Assessee following POCM liable to deduct TDS instead of making provisions

Assessee following POCM liable to deduct TDS instead of making provisions

In a recent judgment, the ITAT Delhi has held that once the assessee claims that while following percentage of completion method at 100% of the revenue of the project has been recognized, it was incumbent to also account, expenditures by deducting TDS instead of making provisions.

ABCAUS Case Law Citation:
ABCAUS 4069 (2024) (06) ITAT

In the instant case, the assessee had challenged the order passed by the CIT(A) in confirming disallowance made by the Assessing Officer (AO) u/s 40(a)(ia)/u/s 43B of the Income Tax Act, 1961 (the Act).

 

The return of the assessee was selected for complete scrutiny and during the course of assessment proceedings, Assessing Officer examined the expenses debited in P&L Account.

The Assessing Officer observed that assessee was following percentage method of accounting in respect of construction business being done by him. The Assessing Officer taking into consideration that completion certificate were received, inter alia made disallowance on account of non deduction of TDS.

The CIT (Appeals) observed in his order as to what weighed the disallowance made and reconsidered appropriate as follows:

Before the Tribunal, the assessee submitted that the only question to be determined was whether when following and accepted method of accounting which is Percentage of Completion Method (POCM) Method in this case, the assessee estimated and made accounting provisions towards the unfinished work, the provisions of TDS under Section 40(a)(ia) of the Act were attracted or not?

It was submitted that on the date of estimating the remaining costs to be incurred on the project which was treated to be completed and in respect of which 100% of the revenue had been recognized, such estimates cannot be subjected to TDS and provisions because neither the payee nor the assessee can calculate the exact amount.

Relying upon judicial verdicts it was submitted that no assessee can be compelled to do the impossible. It was submitted that the CIT (Appeals) had accepted the fact that assessee was consistently following system of accounting then the disallowance made by the CIT (Appeals) was not sustainable.

The Tribunal observed that CIT (Appeals) keeping in mind the provisions of section 40(a)(ia) of the Act, examined the details furnished by the assessee with regard to the nature of work for which provisions were made and derived the gross amount which was liable for a tax deduction at source under provisions of section 194C of the Act and held that 30% of these expenses was liable to be sustained for the reason that TDS was not deducted.
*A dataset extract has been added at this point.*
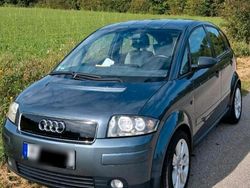 Grau Gebraucht 2001 Audi A2 Kleinwagen | 2.100 € (Fairer Preis)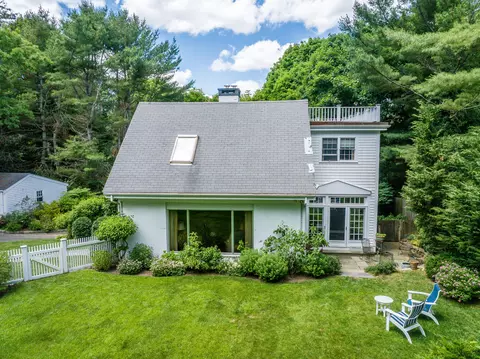 Exterior - 156 E Bay Rd, Osterville, MA 02655 photo 5 of 23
The Tribunal opined that there was no error in the findings of the CIT (Appeals) in regard to both the counts of disallowances under Section 40A(ia) and section 40B of the Act.

The Tribunal further opined that once the assessee claims that while following percentage of completion method at 100% of the revenue of the project has been recognized, it was incumbent to also account, expenditures by deducting TDS instead of making provisions.

However, the Tribunal observed that as complete details of payment after the close of the accounts and TDS deducted and deposited there from in subsequent years was filed before the CIT (Appeals) which had not been taken into consideration.

Accordingly, the Tribunal restored the issue to that extent before the CIT (Appeals).